Another important point Vocab focuses upon is Jesus’ intercession for protection for his disciples, arguing this indicates eternal security. I think this is assuming too much. Jesus can and does intercede for disciples for various needs at various times, and His intercession is efficacious. That doesn’t necessitate Jesus always intercedes at all times for every protection (else you’d have to argue Jesus totally abandons believers when they are martyred or that when a believer turns to sin Jesus failed to stop them). A good example of this principle - that Jesus doesn’t interceded for every protection or blessing at every time - is the very passage Vocab cites, Luke 22:31-32, where Jesus prayed singularly for Peter (using the singular ‘you’) in the midst of all the Apostles abandoning Christ when the soldiers came to crucify Him. The Apostles truly turned away at that point, including the infamous account of Peter denying Jesus three times! Yet Christ’s intercession was so that Peter would be converted again and in turn bring back his brethren. Jesus did not protect Peter from gravely sinning and (temporary) apostasy, but He ensured Peter would repent and re-unite Himself to Christ and thus salvation. This getting back up when the believer falls is what Perseverance is all about!

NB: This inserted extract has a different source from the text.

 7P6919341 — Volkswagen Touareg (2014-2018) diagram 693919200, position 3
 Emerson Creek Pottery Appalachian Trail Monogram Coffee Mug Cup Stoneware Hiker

In the third and final section of his Essay, Vocab focuses on the accounts mentioning Judas’ falling away. But note carefully the very first passage he quotes: In John 17:12 Jesus says, “While I was with them, I kept them in your name, which you have given me. I have guarded them, and not one of them has been lost except the son of destruction, that the Scripture might be fulfilled.” Here Jesus is speaking of all 12 Apostles, which he says He “kept” and which were “given” to Him, and that He protected and lost none - except one, Judas. This clearly confirms the Catholic interpretation: Jesus protected them under certain conditions, and this never included or guaranteed protection from personal sin, which is precisely how Judas was lost. The only way to harmonize the fact Jesus lost one of the 12 He was to protect is the Catholic interpretation. From the way the Gospels speak, Judas actually was a genuine believer up until he began to become disillusioned with how Jesus was fulfilling the Messianic role, hence the reason the Bible says Judas “betrayed” Jesus (you can’t betray someone you never were loyal to).

I firmly maintain the Catholic view is the only one that both takes all the Scriptural evidence into account as well as the only view that is able to harmonize all Scripture.